For a legal obligation to be legitimate, its requirements must be reasonably understandable . We accept that ignorance of the law is no excuse, but only when the law is genuinely knowable. Anyone can read a speed limit sign; the tax code runs 6,871 pages, ignoring the 75,000 pages of official guidance and IRS regulations. Interpretation isn’t just about intelligence. Whether neurosurgeon, bricklayer, or philosophy professor, it is nearly impossible to navigate the tax code without specialized expertise.
Even those in the highest offices in our government cannot navigate the tax code with confidence. Former Secretary of Defense, Donald Rumsfeld, would send a letter with his tax return each year stating he had done his best to comply with the law but could not be certain he had done so correctly. When understanding our legal obligation requires hiring a tax-translator, something is fundamentally wrong. The government doesn’t just owe us fair rates and adjusted brackets. It owes us comprehensible demands.
Equal treatment under law means more than having the same rate on paper. When identical incomes pay different taxes, based solely on whether they’re able to hire a CPA or have experience with fiscal policy, the law is not functionally equal, even if it is technically neutral. The IRS could index every bracket. States could all follow suit. We’d still have the core injustice of complexity as a two-tiered legal system.
The usual response is that complexity is needed for fairness. Indeed, it seems reasonable that different situations warrant different treatment. But there’s a difference between tailored rules and incomprehensible ones. The mortgage interest deduction is complex but understandable. Very few people even know what a captive insurance arrangement is, let alone how to use one. Even if we accepted that some complexity serves fairness, the current system goes far beyond what that principle could justify.

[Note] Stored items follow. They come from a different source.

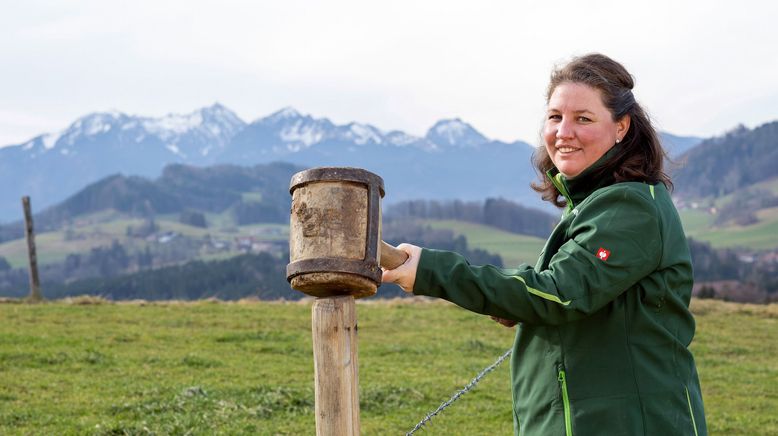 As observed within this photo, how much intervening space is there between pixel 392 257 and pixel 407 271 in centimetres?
11

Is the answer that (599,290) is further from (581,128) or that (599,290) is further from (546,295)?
(581,128)

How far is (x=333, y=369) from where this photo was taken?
11.2ft

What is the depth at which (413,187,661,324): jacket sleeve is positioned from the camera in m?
3.28

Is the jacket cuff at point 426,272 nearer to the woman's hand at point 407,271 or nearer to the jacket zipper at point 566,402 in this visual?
the woman's hand at point 407,271

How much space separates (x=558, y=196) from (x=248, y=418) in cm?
628

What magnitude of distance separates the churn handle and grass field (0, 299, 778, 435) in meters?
6.19

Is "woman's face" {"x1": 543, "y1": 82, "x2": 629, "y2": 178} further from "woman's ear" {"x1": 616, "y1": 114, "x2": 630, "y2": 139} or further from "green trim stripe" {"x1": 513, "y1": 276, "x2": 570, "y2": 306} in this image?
"green trim stripe" {"x1": 513, "y1": 276, "x2": 570, "y2": 306}

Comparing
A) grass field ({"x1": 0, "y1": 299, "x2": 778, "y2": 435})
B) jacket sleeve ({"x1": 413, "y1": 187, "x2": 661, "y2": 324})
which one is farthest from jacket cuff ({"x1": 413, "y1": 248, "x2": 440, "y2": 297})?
grass field ({"x1": 0, "y1": 299, "x2": 778, "y2": 435})

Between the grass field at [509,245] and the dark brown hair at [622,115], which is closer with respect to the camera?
the dark brown hair at [622,115]

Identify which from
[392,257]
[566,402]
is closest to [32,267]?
[392,257]

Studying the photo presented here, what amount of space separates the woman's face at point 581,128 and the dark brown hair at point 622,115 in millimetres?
36

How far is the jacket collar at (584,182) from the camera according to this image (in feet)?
12.4

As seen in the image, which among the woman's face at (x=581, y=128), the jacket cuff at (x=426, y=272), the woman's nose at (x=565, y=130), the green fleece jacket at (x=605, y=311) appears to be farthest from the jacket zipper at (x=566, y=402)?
the woman's nose at (x=565, y=130)

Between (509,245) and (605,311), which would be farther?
(509,245) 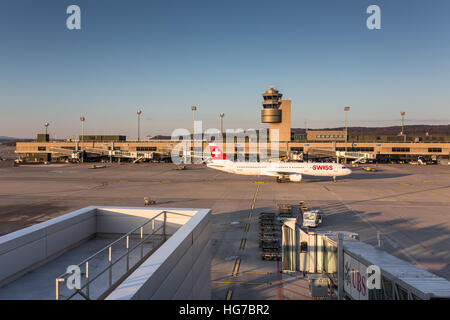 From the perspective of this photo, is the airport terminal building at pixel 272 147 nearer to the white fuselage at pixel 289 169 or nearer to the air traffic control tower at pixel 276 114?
the air traffic control tower at pixel 276 114

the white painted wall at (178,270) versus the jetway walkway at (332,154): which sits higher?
the jetway walkway at (332,154)

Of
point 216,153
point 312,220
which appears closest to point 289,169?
point 216,153

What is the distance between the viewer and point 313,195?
167ft

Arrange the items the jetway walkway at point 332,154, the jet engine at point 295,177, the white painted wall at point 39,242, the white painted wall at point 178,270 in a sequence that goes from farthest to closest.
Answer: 1. the jetway walkway at point 332,154
2. the jet engine at point 295,177
3. the white painted wall at point 39,242
4. the white painted wall at point 178,270

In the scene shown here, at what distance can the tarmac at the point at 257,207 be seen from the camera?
21562 mm

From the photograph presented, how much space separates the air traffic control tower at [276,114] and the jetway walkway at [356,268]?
106448mm

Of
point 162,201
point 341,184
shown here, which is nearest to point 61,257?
point 162,201

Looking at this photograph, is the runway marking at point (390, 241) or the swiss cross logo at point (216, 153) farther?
the swiss cross logo at point (216, 153)

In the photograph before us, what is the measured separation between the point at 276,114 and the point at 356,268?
113852 mm

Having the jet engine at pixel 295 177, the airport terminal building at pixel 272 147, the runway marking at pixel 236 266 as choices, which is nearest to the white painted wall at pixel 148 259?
the runway marking at pixel 236 266

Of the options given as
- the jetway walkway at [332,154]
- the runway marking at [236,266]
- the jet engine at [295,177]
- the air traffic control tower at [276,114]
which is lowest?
the runway marking at [236,266]

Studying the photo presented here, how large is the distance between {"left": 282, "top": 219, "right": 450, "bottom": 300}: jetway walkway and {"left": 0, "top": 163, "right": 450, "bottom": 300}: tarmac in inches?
76.9

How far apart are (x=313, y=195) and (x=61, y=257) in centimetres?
4316

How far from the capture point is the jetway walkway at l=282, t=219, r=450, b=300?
10.7 metres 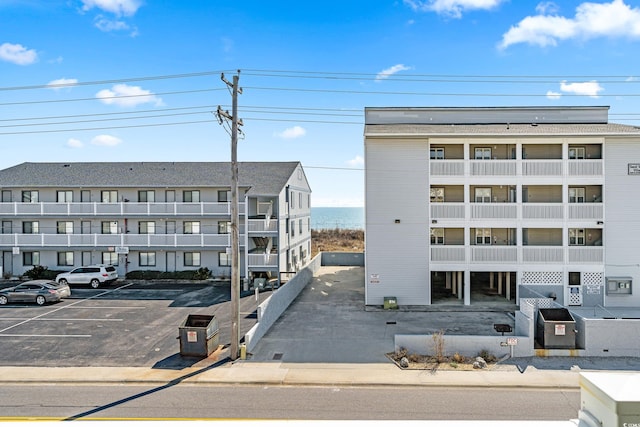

Every one of the 13 hours annually the average American spends on tax compliance is an hour conscripted by the government to decode obligations that could be made clear. The consultant hires someone, and the nurse loses her Saturday. Time is the scarcest resource of all. . Understanding our tax burden should not consume it senselessly.
The cost of this complexity extends beyond wasted time too. More fundamentally, citizens who cannot understand the law lose faith in the system. The tax code becomes an insider’s game and erodes the legitimacy of our institutions. We’re told taxes are the price we pay for our society; it should not be difficult to know what that price is.
The path forward is straightforward. We need simplification, not rate tinkering. If special treatment is truly necessary, it should be automatic like the standard deduction, not some opt-in like the deduction for Qualified Business Income. Two people with the same income should pay roughly the same tax, regardless of expert advice.
The IRS’s inflation adjustment is welcome, but it's just rearranging chairs on the Titanic. The government doesn’t just owe us indexed brackets. It owes us a tax code we can comprehend. Until then, we aren’t all equal under our tax law.